▶ **Problem to work on**
Set down only the lines from the one containing "Vintage 1968 Franklin" through the final line of the entries below, exactly as they stand, with no pictures.

──────── Listed records ────────

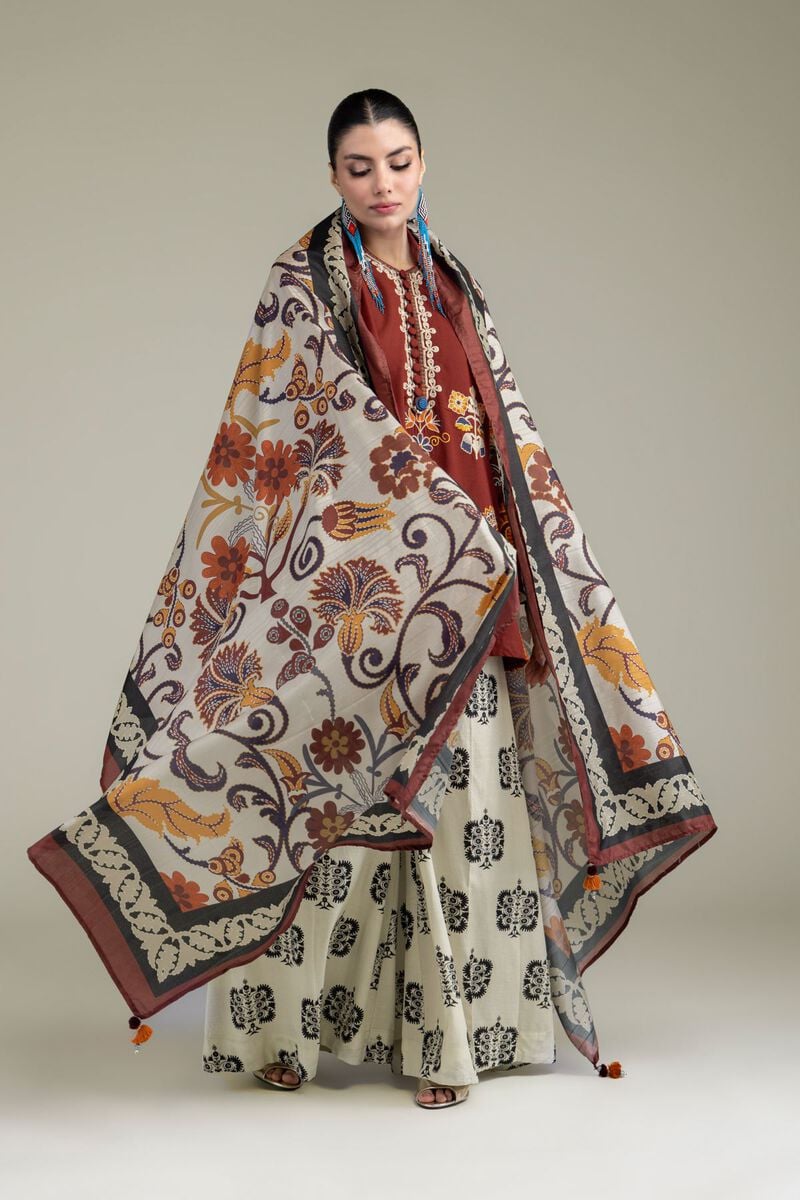 Embroidered | Polyester Silk | Floral Silk Dupatta | USD 30.00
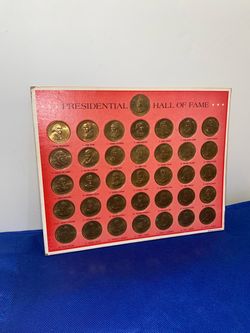 Vintage 1968 Franklin Mint “Presidential Hall of Fame” bronze token collection  set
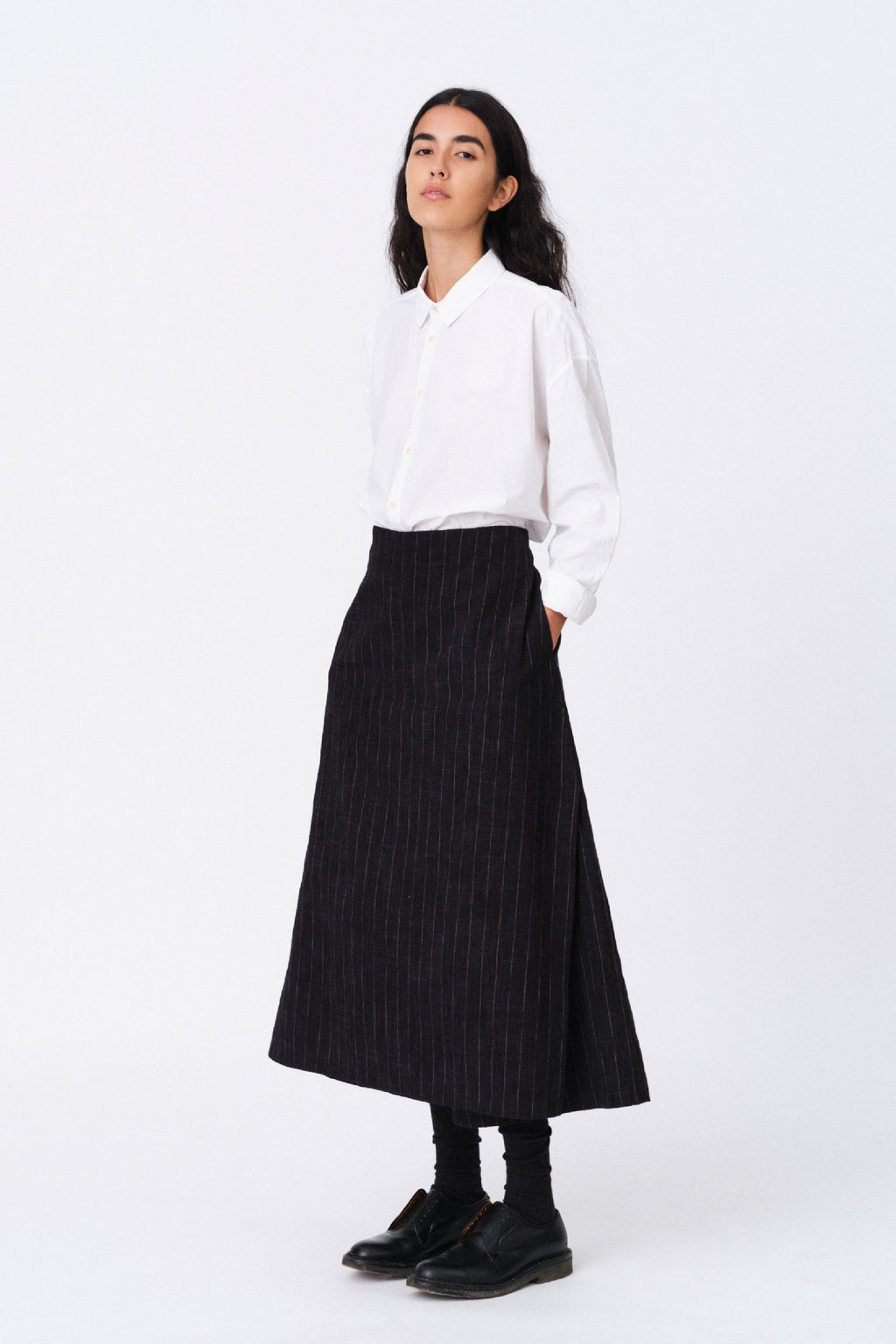 THE PRINTER CULOTTE / CRUMPLED PINSTRIPE FLINT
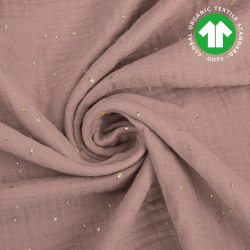 Baumwoll-Musselin double gauze pastellrosa (Sephia rose) mit Punkten  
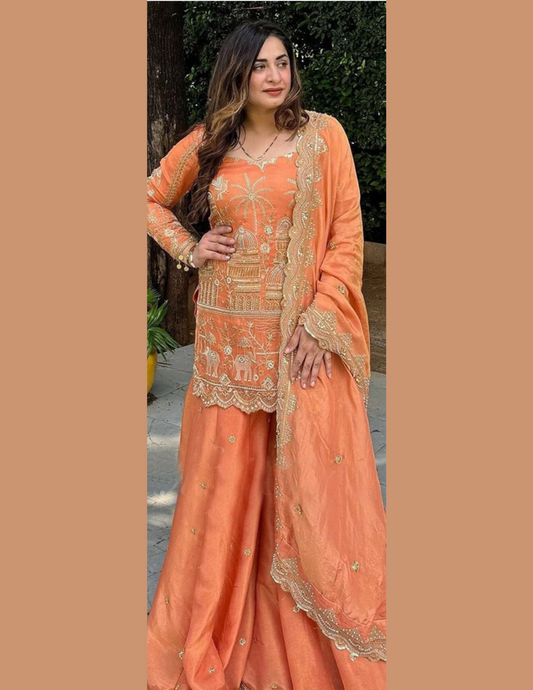 Elegant Orange Color Chinon Silk Indo Western Sharara Suits Dupatta Set For Women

────────

▶ **Reply to the task**
 Vintage 1968 Franklin Mint “Presidential Hall of Fame” bronze token collection  set
 THE PRINTER CULOTTE / CRUMPLED PINSTRIPE FLINT
 Baumwoll-Musselin double gauze pastellrosa (Sephia rose) mit Punkten  
 Elegant Orange Color Chinon Silk Indo Western Sharara Suits Dupatta Set For Women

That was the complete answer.